We (actually, my mom 97% of the time!) made our own butter when I was a kid.  For a while we had a paddle churn; don't know what became of it, but by the time I was in high school we had "graduated" to a Sunbeam Mixmaster.  It worked great as long as we remembered to cover the bowl with a piece of waxed paper before we turned on the mixer.  If we forgot, the butter still formed just as quickly, but there were splatters _everywhere_  :roll: .   I've since made butter using supermarket whipping cream, and it came out fine.  I haven't tried churning the ultra pasteurized cream, though.  The next time I churn I'm going to add a few drops of lemon juice or some buttermilk or yogurt to the cream, to see if I can replicate the taste of the butter we used to make.  Salt, definitely.  Washing, absolutely and without fail!!  As follows:at the end of the churning, i.e. when the butter has formed, gather it into a clump, pour off the buttermilk--which save for other uses--and then fill the bowl with COLD water.   Use a butter paddle or wooden spoon/spatula and work the butter around to get out the buttermilk.  Drain the bowl and repeat.  Repeat again.  If the water is not clear, keep  repeating until it is.  Then work the butter to press out as much water as possible.  Sprinkle with salt and mix well.  Plop onto a plate or saucer and make it pretty.  Cover and refrigerate or use at once and refrigerate the leftover butter--if there is any!!   
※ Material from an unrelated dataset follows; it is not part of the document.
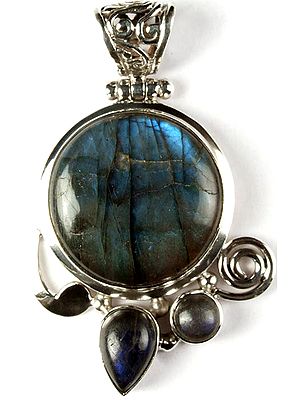 Labradorite Pendant with Spiral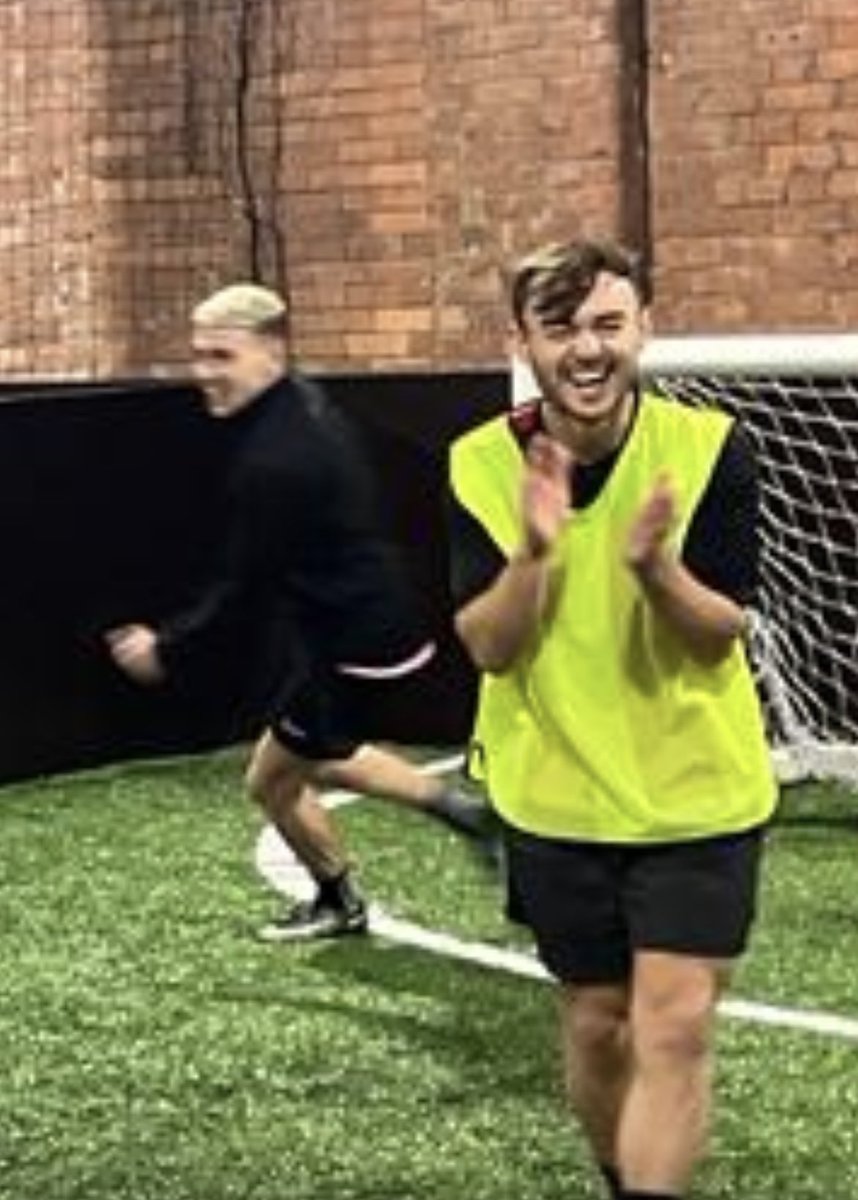 ChaddertonFC's tweet photo. Reserves change of venue for training tonight with an indoor 3v3 tournament. Thanks to @SMSlifeskills for hosting us, shame on the lads for letting the GK win though 😂 @Poley95 https://t.co/vMaZA3MnOQ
Almost forgot:  you can use a blender, too.  Just watch it closely because things happen really fast.


----------



## jennyema (Jan 13, 2005)

THANKS FOR ALL THE GREAT INFO Marm and Leigh

Then work the butter to press out as much water as possible. 

Do you do this with the paddle or by hand?


----------



## leigh (Jan 14, 2005)

jennyema said:
			
		

> THANKS FOR ALL THE GREAT INFO Marm and Leigh
> 
> Then work the butter to press out as much water as possible.
> 
> Do you do this with the paddle or by hand?



With the paddle.  Use it to get the butter together into some sort of ball and then press the butter against the side of the bowl, again using the paddle.  To get out even more water, break the ball into pieces and work the pieces around a bit, turning them over etc., then re-form the ball and press it again.  You use the paddle to mix in the salt, too.


----------



## Audeo (Jan 15, 2005)

I mix the salt (if any) with the whipping cream before beating.  Other than that, I use the same method described so well by leigh.

I'm rarely without BOTH butter and cream, so knowing how to do this (so easy!) has saved me a trip more than once to the store for butter.  Interesting idea, leigh, to add a bit of buttermilk for flavor -- I agree!

There is only one time when I couldn't get the cream to form into butter and I now look back thinking of marmalady's post under a separate thread admonishing the dairy folks to Stop Fiddling With Our Cream!!  The stuff wouldn't whip at all.


----------



## Claire (Jan 16, 2005)

Didn't you all have to do this in school as a kid?  One day we had to all bring in clean mayo (or similar) jars, and the teacher gave us all some cream, and we shook the jars until we made butter.  Hubby says he did so as well.  He's 8 yrs older than me, so we're talking the 50s and 60s.  I don't know if it would work with grocery store cream of if the teachers got it from another source.  Funny, we were just talking about it recently, and how fun it would be to try to make our own butter just for the experience.


----------



## GB (Jan 16, 2005)

Claire I remember doing that in school in the 70's with store bought cream. I remember being amazed like it was a magic trick.


----------